[Record extracts]
▼

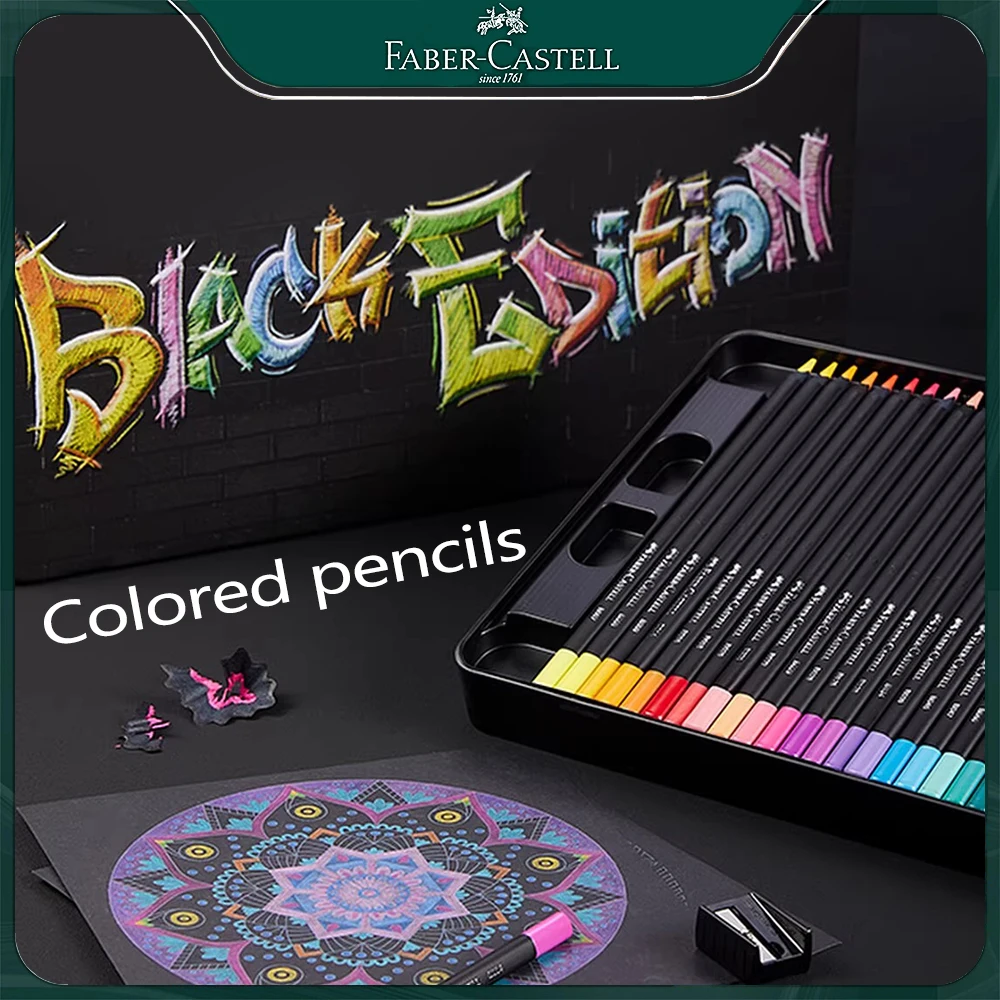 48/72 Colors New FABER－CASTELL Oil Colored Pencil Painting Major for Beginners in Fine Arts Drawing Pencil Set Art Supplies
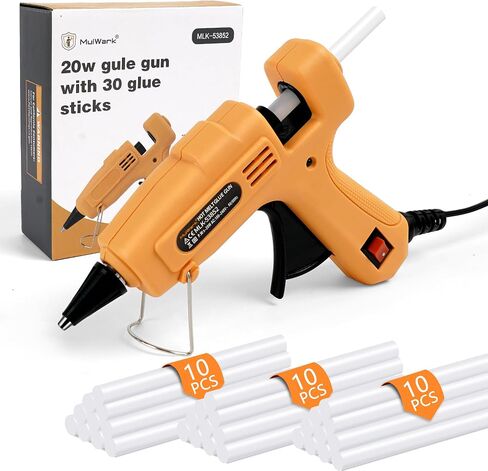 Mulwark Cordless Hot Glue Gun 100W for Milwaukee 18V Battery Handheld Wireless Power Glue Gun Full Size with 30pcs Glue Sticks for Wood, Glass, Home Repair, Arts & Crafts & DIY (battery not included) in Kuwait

▲
▼

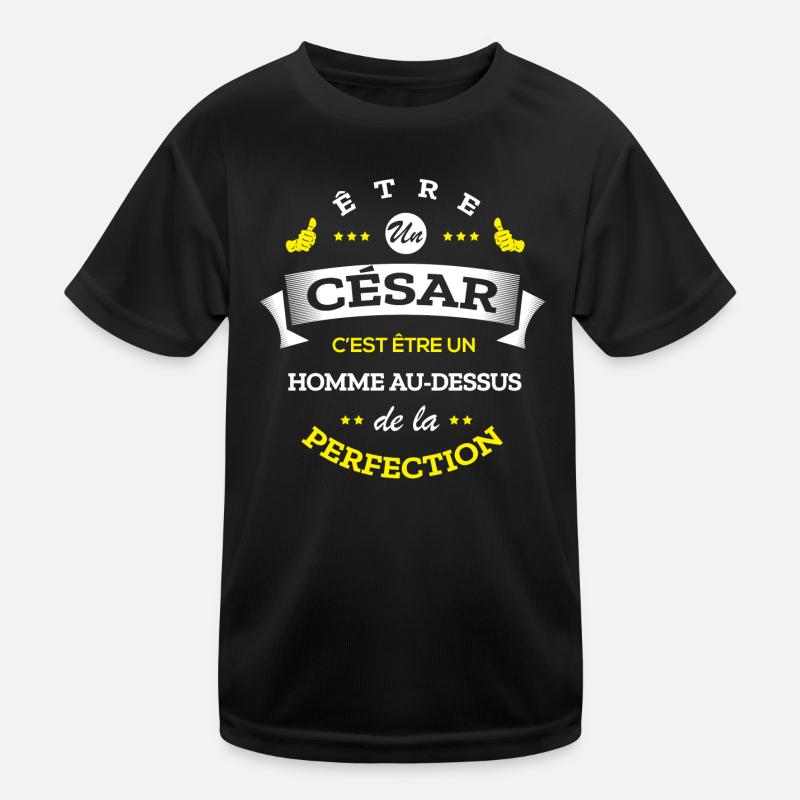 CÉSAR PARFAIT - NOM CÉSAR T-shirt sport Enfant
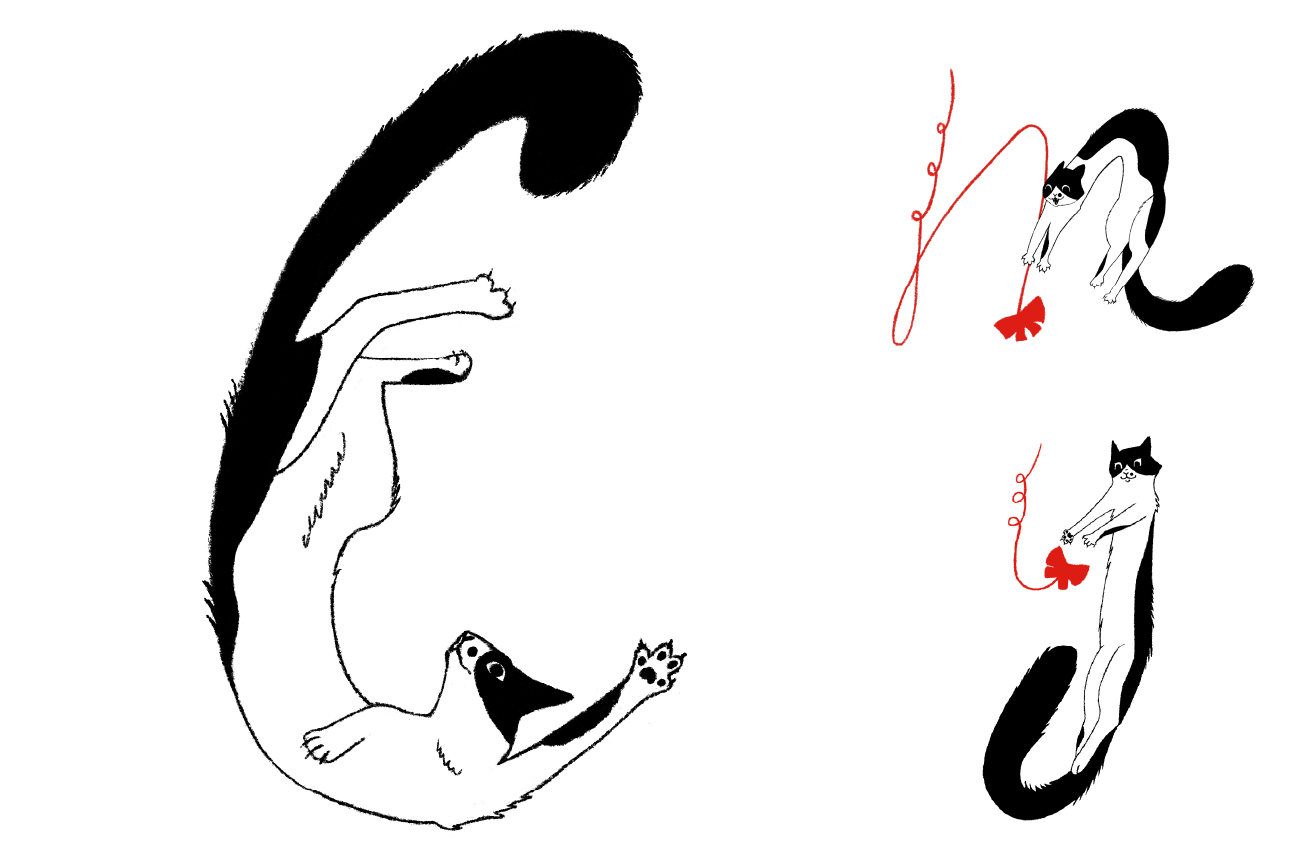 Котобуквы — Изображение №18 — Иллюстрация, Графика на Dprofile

▲

[Assigned task] Leave the pictures out, and transcribe exactly the lines above starting at the one that contains "CÉSAR PARFAIT - NOM" and ending at the one that contains "Котобуквы — Изображение".

[Task result]
 CÉSAR PARFAIT - NOM CÉSAR T-shirt sport Enfant
 Котобуквы — Изображение №18 — Иллюстрация, Графика на Dprofile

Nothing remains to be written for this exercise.